Data description and codebook#

The rich data collected in TIME study are processed and stored at different levels to serve different purposes and researchers with various programming backgrounds. From raw date collections to more processed datasets, they include:

  • Raw data and logs that are in original form that preserves maximal information;

  • Intermediate data that are processed to extracts useful information from the raw data and have a cleaner format at the same time;

  • Processed datasets that include fully cleaned data with summary variables included and may combine cleaned data from different raw and intermediate datasets, being in a refined CSV format that can be directly imported into statistical softwares.

Details about these datasets can be found in their codebooks.


Data Processing Pipeline

_images/flowcharts.png

Types of Data in Each Dataset

_images/dataset_table.png

Raw data and logs (recommended for experienced programmer)

Description: all data and logs are encrypted and stored in their raw format after being directly pulled from devices. It contains all kinds of logs including those used for debugging purposes. Most files have data format issues, such as missing headers, duplicate rows, logging errors, etc.

Codebook: Link

Intermediate data (recommended for experienced programmer)

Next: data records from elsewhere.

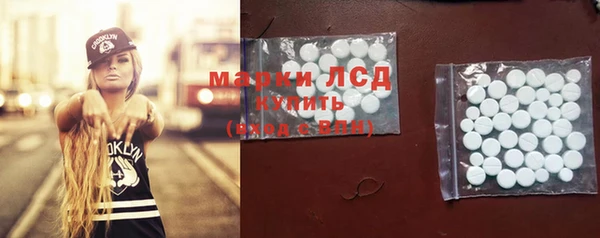 МДПВ Бородино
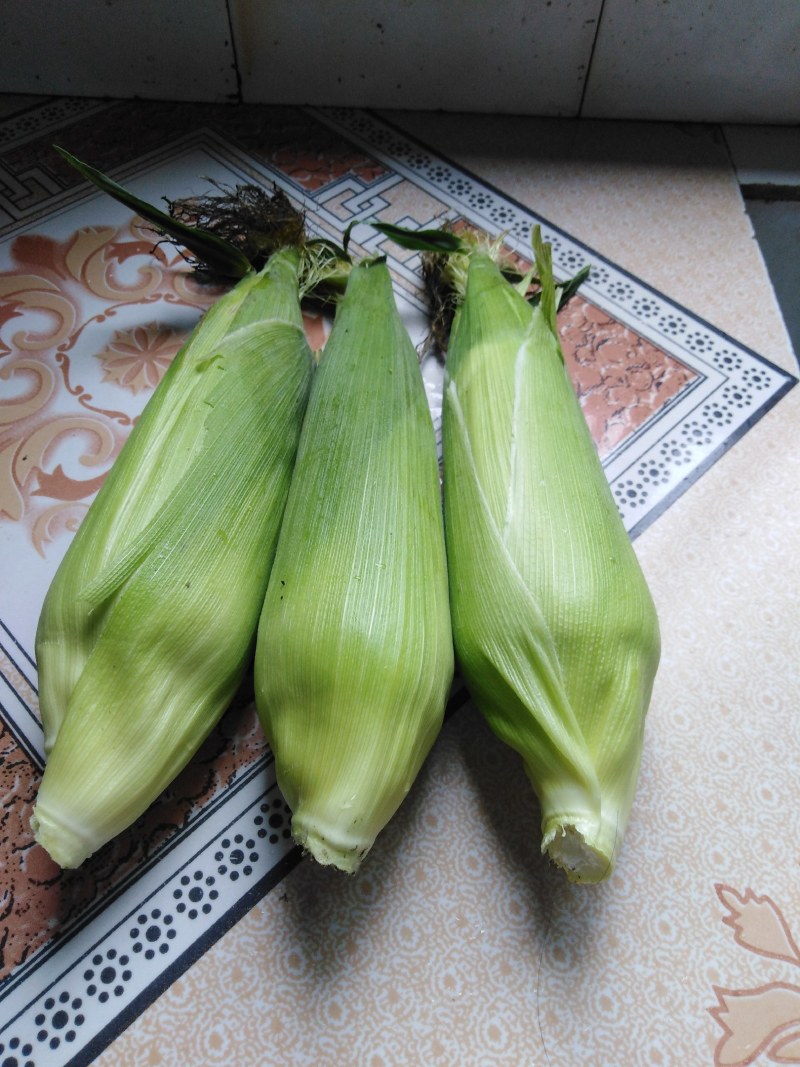 （热销）万糯玉米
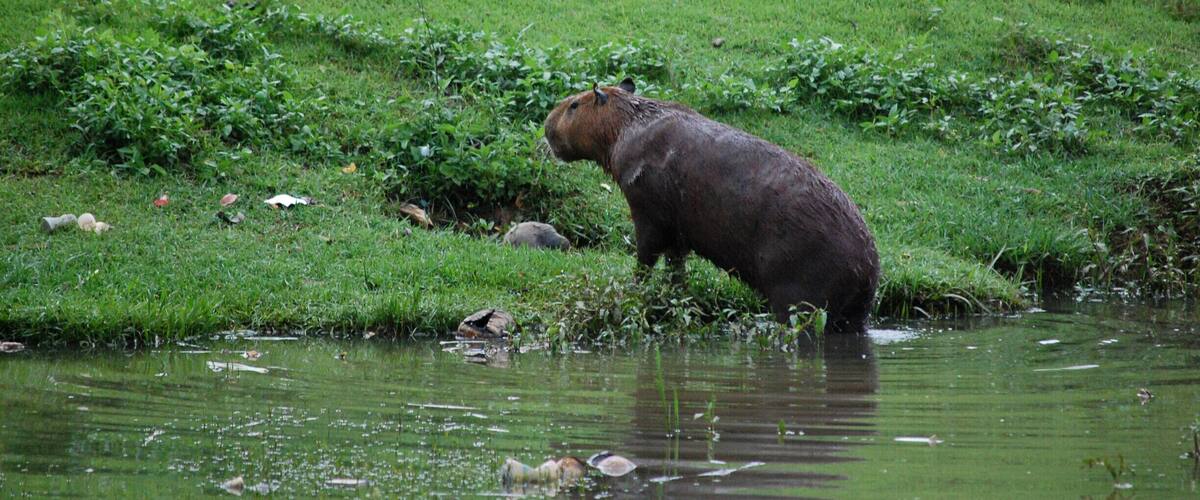 The first time I saw capybaras. 
To me, it was bliss. :)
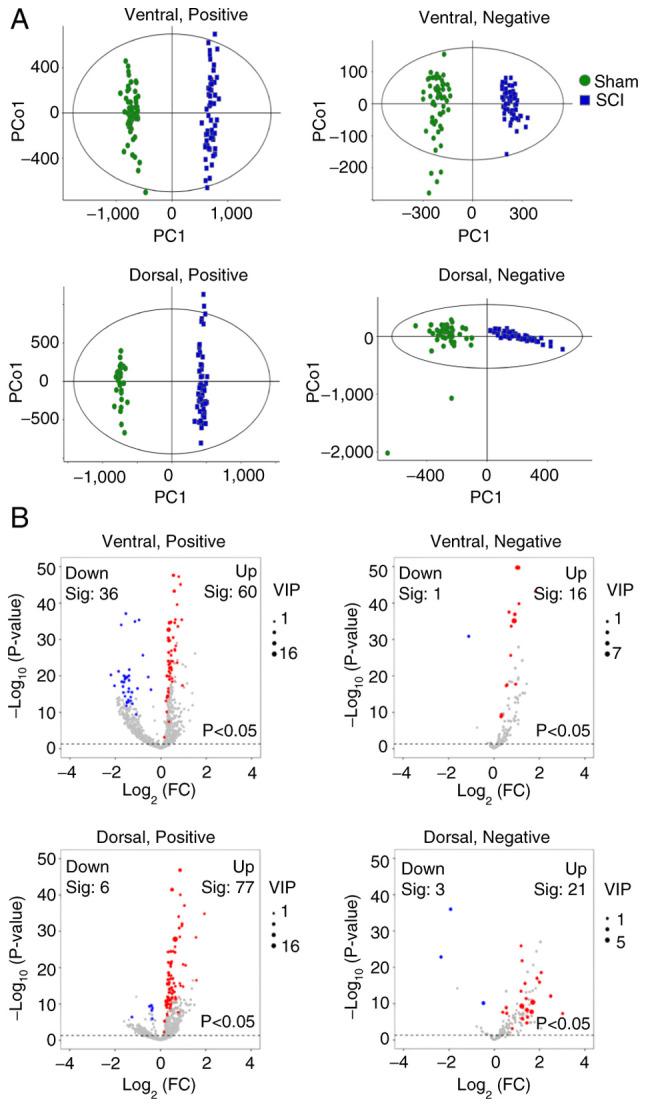 https://cdn.ncbi.nlm.nih.gov/pmc/blobs/e4cd/12035510/d0e988be89a7/etm-29-06-12867-g03.jpg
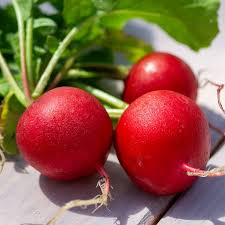 Image result for Radieschen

Description: data and logs are extracted from the raw data and logs and cleaned to be free of format issues as in raw data format. Every file is stored in csv format with a header. Researchers with strong programming skills can start analysis with data at this stage. See more details about data processing of first, second, and third passes on discovery cluster here.

Location: discovery cluster

Codebook: Link

Processed Data (recommended for researchers without extensive programming experience)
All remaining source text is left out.